## Exercise objective
Repeat every line that appears below, with nothing altered.
· · ·
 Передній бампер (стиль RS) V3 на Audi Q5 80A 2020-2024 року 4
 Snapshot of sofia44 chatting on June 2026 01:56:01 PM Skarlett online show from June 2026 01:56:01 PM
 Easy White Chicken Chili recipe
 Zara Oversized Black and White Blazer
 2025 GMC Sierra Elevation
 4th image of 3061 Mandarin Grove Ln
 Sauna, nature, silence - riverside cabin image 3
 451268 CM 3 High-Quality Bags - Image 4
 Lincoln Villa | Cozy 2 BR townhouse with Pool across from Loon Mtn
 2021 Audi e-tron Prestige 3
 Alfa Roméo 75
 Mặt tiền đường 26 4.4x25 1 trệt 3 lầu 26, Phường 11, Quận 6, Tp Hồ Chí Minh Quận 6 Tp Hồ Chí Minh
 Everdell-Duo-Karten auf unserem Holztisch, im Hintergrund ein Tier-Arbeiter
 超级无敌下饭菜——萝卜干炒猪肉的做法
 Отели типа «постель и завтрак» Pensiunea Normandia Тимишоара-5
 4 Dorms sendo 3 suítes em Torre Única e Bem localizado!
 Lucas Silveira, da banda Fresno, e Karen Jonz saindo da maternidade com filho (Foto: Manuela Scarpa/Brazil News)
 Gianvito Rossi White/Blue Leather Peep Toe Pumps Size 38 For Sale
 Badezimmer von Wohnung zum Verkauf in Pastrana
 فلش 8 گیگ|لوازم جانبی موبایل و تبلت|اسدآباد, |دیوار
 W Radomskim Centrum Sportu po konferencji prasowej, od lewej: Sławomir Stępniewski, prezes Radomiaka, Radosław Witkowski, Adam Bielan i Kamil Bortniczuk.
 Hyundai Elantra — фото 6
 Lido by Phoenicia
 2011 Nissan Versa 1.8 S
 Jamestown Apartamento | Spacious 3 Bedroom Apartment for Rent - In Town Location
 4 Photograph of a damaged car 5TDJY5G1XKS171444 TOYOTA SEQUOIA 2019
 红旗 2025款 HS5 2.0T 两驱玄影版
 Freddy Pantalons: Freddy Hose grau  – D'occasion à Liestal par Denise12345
· · ·
## Solution for this task
 Передній бампер (стиль RS) V3 на Audi Q5 80A 2020-2024 року 4
 Snapshot of sofia44 chatting on June 2026 01:56:01 PM Skarlett online show from June 2026 01:56:01 PM
 Easy White Chicken Chili recipe
 Zara Oversized Black and White Blazer
 2025 GMC Sierra Elevation
 4th image of 3061 Mandarin Grove Ln
 Sauna, nature, silence - riverside cabin image 3
 451268 CM 3 High-Quality Bags - Image 4
 Lincoln Villa | Cozy 2 BR townhouse with Pool across from Loon Mtn
 2021 Audi e-tron Prestige 3
 Alfa Roméo 75
 Mặt tiền đường 26 4.4x25 1 trệt 3 lầu 26, Phường 11, Quận 6, Tp Hồ Chí Minh Quận 6 Tp Hồ Chí Minh
 Everdell-Duo-Karten auf unserem Holztisch, im Hintergrund ein Tier-Arbeiter
 超级无敌下饭菜——萝卜干炒猪肉的做法
 Отели типа «постель и завтрак» Pensiunea Normandia Тимишоара-5
 4 Dorms sendo 3 suítes em Torre Única e Bem localizado!
 Lucas Silveira, da banda Fresno, e Karen Jonz saindo da maternidade com filho (Foto: Manuela Scarpa/Brazil News)
 Gianvito Rossi White/Blue Leather Peep Toe Pumps Size 38 For Sale
 Badezimmer von Wohnung zum Verkauf in Pastrana
 فلش 8 گیگ|لوازم جانبی موبایل و تبلت|اسدآباد, |دیوار
 W Radomskim Centrum Sportu po konferencji prasowej, od lewej: Sławomir Stępniewski, prezes Radomiaka, Radosław Witkowski, Adam Bielan i Kamil Bortniczuk.
 Hyundai Elantra — фото 6
 Lido by Phoenicia
 2011 Nissan Versa 1.8 S
 Jamestown Apartamento | Spacious 3 Bedroom Apartment for Rent - In Town Location
 4 Photograph of a damaged car 5TDJY5G1XKS171444 TOYOTA SEQUOIA 2019
 红旗 2025款 HS5 2.0T 两驱玄影版
 Freddy Pantalons: Freddy Hose grau  – D'occasion à Liestal par Denise12345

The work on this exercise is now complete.